Pazar, Haziran 19, 2011

Otel

Bir odaya girdiğimizi düşün. Kalın, kırmızı, kadifemsi bir kumaştan yapılmış ağır perdelerin kapattığı pencereleri gör. Odanın tam ortasındaki kocaman yatağı fark et sonra. Oda bomboş aslında. O uçsuz bucaksız yatak, perdeler, yerdeki telefon, sen ve benim dışımızda bomboş oda. Üzerimdeki, o çok sevdiğin pembe elbisenin eteklerinin açık pencereden gelen esintiyle dans edişini izle. Beni seninle aynı boyda gösteren lacivert topuklu ayakkabıların yere düşüşünü duy. 
Yanında sana masal anlatmam gerekmemeli, kalplerimizi yarıştırmak istediğimi anlaman için. Ama bu gece çok yorgunum. Her zamankinden daha yavaş nefes alıyorum. Her zamankinden daha uzun nefes veriyorum. Elbisemi çıkarmak için bana uzanıyorsun ama ben yatağa oturuyorum. “Kaldıramıyorum” diyorum göz yaşlarım rimelimi akıtmak için birbirleriyle yarışırken. Avuçlarımda toplanıyor elbisemin etekleri ve ben orada oturmuş sana bakıyorum. 
“Ooof!” dökülen göz yaşlarımı silerken iç çekiyorsun. Aslında isyan ediyorsun bana. Kırgınlığıma.
Siyah gözlerinde görüyorum umutsuzluğunu, çaresiz duruşunu… Çünkü bu benim savaşım ve sen, düşmanımın 
oyuncususun. 

Benden bir şeylerin eksildiğini biliyorsun. Saçlarımı okşamaya başlıyorsun, ağlamama izin verir gibi. “Düşersen ben seni tutarım” der gibi. Birden artıyor göz yaşlarım ve “Çirkinim.” diyorum. “Rimellerim akarken, çok çirkinim.”
“Olsun.” diyorsun, dudakların ellerimdeyken. Parmak uçlarım sadece seni hissediyor, ve burnum sadece senin kokunu alıyor. Fakat bir tarafım, bunlara rağmen biliyor gideceğini. Seni hisseden tarafımsa, kalacak diyor. “O hep senin olacak.”
Düşüncelerimin hepsi, benim elimden çıkıyor ve senin suratına taşınıyor. Ne yapacağını bilmiyorsun. O yüzden sırtıma göğsünü yaslayıp ağlıyorsun. İlk defa bu kadar yakında hissediyorum seni. Kalp atışlarını hissediyorum sırtımda, ama her şeye rağmen beni korkutuyorsun.

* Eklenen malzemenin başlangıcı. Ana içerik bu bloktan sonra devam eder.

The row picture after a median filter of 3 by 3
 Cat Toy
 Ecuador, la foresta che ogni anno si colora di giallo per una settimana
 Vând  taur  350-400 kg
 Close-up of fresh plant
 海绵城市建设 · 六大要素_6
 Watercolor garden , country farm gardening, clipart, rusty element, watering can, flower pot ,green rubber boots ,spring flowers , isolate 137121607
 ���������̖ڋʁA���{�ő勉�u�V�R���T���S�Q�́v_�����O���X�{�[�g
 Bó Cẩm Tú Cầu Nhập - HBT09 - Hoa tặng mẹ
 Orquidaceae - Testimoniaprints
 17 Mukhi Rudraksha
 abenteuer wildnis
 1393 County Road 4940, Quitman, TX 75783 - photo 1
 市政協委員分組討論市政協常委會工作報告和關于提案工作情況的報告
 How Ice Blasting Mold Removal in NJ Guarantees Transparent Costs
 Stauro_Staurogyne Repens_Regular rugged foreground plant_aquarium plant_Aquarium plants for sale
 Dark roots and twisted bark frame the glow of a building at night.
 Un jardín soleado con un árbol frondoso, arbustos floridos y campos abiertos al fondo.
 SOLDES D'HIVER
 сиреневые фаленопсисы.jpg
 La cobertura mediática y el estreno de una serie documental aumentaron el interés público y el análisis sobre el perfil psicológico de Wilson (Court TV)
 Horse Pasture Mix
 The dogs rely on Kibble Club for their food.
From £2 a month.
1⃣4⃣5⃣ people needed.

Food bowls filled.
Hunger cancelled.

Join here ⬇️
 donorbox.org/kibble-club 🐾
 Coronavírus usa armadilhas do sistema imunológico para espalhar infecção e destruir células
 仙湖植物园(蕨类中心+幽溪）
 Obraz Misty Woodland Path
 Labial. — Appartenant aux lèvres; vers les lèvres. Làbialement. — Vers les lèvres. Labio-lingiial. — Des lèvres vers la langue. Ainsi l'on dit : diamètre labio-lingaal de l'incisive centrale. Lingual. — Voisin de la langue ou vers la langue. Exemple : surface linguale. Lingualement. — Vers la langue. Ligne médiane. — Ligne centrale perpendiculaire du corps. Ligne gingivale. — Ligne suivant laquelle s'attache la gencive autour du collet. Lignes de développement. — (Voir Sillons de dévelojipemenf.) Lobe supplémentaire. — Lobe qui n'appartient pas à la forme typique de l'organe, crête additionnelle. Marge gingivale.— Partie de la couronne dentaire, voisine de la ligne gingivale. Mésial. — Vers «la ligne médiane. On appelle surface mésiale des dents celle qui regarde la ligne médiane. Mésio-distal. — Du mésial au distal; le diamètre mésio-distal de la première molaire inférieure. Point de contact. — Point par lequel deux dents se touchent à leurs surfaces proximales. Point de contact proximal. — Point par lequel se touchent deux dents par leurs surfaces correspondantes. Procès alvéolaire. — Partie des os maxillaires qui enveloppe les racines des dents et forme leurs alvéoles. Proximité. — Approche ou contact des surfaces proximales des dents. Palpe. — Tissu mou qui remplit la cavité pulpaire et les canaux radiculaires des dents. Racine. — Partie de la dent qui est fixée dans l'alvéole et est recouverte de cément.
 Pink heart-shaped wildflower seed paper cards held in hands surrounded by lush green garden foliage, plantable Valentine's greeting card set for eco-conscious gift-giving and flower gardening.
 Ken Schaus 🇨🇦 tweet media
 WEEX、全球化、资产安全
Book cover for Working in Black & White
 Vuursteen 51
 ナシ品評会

Kapı çalıyor ve beni saran kollarını aniden çekip kalkıyorsun yataktan. Beni geride bırakıyorsun. Kapıda, otelde çalışanlardan biri var. Suratını seçemiyorum, fakat sesini resepsiyonda duydum. “Sizi arayan birisi var efendim.” diyor sana. Seni lobide bekleyen başka bir kadın var.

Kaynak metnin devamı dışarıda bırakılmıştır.